LA LAMIA DE OGOÑO
En la cueva de Ogoño, en el pueblo de Elantxobe, en Bizkaia, vivía una laminaku, y nadie podía pasar por delante de ese lugar entre las doce de la noche y las dos de la madrugada. Quienes no habían hecho caso a la advertencia de sus vecinos habían desaparecido, y nunca más se había vuelto a saber de ellos.
Ocurrió que en el pueblo vivía un hombre que tenía una gran pasión por las apuestas. Era un apostador nato, y no pasaba un día sin que hiciese una o más apuestas con amigos o con desconocidos. Sus compañeros se reían de su afición.
—¡Un día vas a perder hasta los calzones por culpa de las apuestas! —le decían.
—O tal vez gane una fortuna —respondía el incorregible apostador.
Sus amigos decidieron gastarle una broma y hacerle una apuesta que no pudiera mantener.
—¡Oye! Te apostamos un ternero recién nacido a que no pasas por delante de la cueva de Ogoño entre las doce y las dos de la madrugada —le dijeron.
El hombre no se lo pensó dos veces.
—¡Acepto! ¡Y tened preparado el ternero!
Echó a andar, seguido a cierta distancia por sus amigos. Hacía ya rato que habían dado las doce de la noche cuando pasó por delante de la cueva y, al instante, le salió la terrible laminaku, la del ojo en la frente.
—¡Ajá! —chilló—. ¡Qué sorpresa tan agradable! ¡No eres joven y tierno, pero me servirás para la cena!
Ya iba a apresarlo y a introducirlo en la cueva cuando el apostador tuvo una idea.
—No me parece mal, señora —dijo con una sonrisa—. Pero, antes, permítame usted que le cuente las penas del lino.
La laminaku lo pensó un momento. Era curiosa por naturaleza, y no tenía mucho con qué entretenerse en aquel lugar. Además, ya había oído hablar antes de las penas del lino, pero no sabía exactamente cuáles eran.
—Vale, vale, cuéntamelas; pero después te comeré, porque hace ya mucho que no pruebo bocado humano y tengo muchas ganas de hacerlo.
El hombre comenzó a contar las penas del lino muy lentamente.

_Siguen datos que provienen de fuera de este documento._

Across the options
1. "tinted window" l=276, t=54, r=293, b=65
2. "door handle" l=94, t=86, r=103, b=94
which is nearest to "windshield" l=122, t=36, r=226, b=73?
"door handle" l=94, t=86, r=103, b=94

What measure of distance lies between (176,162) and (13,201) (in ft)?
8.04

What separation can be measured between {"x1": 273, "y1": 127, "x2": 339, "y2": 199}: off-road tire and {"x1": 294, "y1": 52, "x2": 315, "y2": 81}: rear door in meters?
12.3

—Primero hay que arrancarlo en la heredad, después secarlo, después ablandarlo en el pozo, después secarlo, después agramarlo, después majarlo con palo o maza, después agramarlo de nuevo con tenazas de madera, después cardarlo, después ponerlo en el huso, después hilarlo, después enmadejarlo, después cocerlo, limpiarlo en el río, después hacer lienzo, coser el vestido, romperlo, limpiarlo en el río...
El hombre seguía hablando despacio, y la laminaku comenzó a ponerse nerviosa.

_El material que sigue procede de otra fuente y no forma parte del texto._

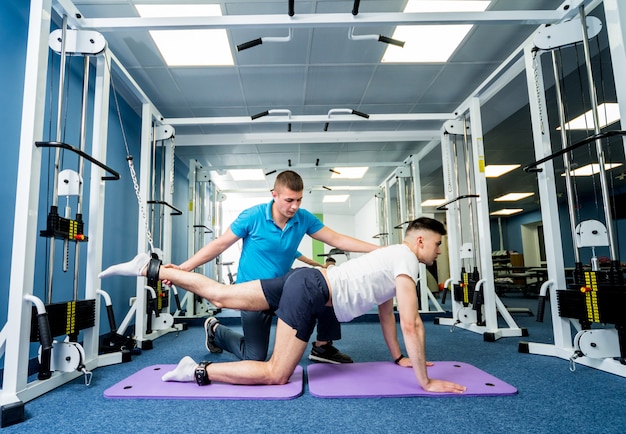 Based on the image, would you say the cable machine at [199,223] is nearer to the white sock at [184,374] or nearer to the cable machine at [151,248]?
the cable machine at [151,248]

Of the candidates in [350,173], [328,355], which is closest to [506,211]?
[350,173]

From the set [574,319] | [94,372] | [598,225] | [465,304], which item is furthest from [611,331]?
[94,372]

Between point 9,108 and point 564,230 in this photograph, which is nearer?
point 9,108

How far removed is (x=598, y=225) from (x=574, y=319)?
604mm

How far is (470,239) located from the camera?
12.9 ft

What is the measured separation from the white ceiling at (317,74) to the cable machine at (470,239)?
1.41 ft

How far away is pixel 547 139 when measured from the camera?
2.68m

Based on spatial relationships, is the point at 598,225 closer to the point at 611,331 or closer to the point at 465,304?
the point at 611,331

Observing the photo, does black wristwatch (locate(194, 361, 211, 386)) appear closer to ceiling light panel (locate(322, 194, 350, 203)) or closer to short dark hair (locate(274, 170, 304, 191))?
short dark hair (locate(274, 170, 304, 191))

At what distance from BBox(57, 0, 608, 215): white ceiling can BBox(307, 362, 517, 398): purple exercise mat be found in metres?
2.06

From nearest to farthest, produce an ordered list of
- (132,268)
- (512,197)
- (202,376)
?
(202,376) < (132,268) < (512,197)

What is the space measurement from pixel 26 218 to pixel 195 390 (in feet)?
3.66

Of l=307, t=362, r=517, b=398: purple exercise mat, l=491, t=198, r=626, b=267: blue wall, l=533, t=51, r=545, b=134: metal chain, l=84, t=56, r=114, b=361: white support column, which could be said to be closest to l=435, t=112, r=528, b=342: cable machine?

—¡Bueno, ya está bien! —le interrumpió—. ¡Estas penas del lino están durando demasiado! Ya es hora de que seas mío.
En ese momento, cantó el gallo kukurruku, y la laminaku entró rápidamente en la cueva, al tiempo que decía:
—¡Ah! ¡Gallo rojo nacido en marzo! Me has arrebatado la gran merluza que yo tenía para cenar, ¡El raposo malo te pierda tu ojo rojo izquierdo!
El apostador regresó al pueblo y ganó la apuesta, pero, desde entonces, tuvo mucho cuidado a la hora de aceptar cualquier otra y, por supuesto, no se le volvió a ocurrir acercarse a la cueva de Ogoño durante el resto de su vida.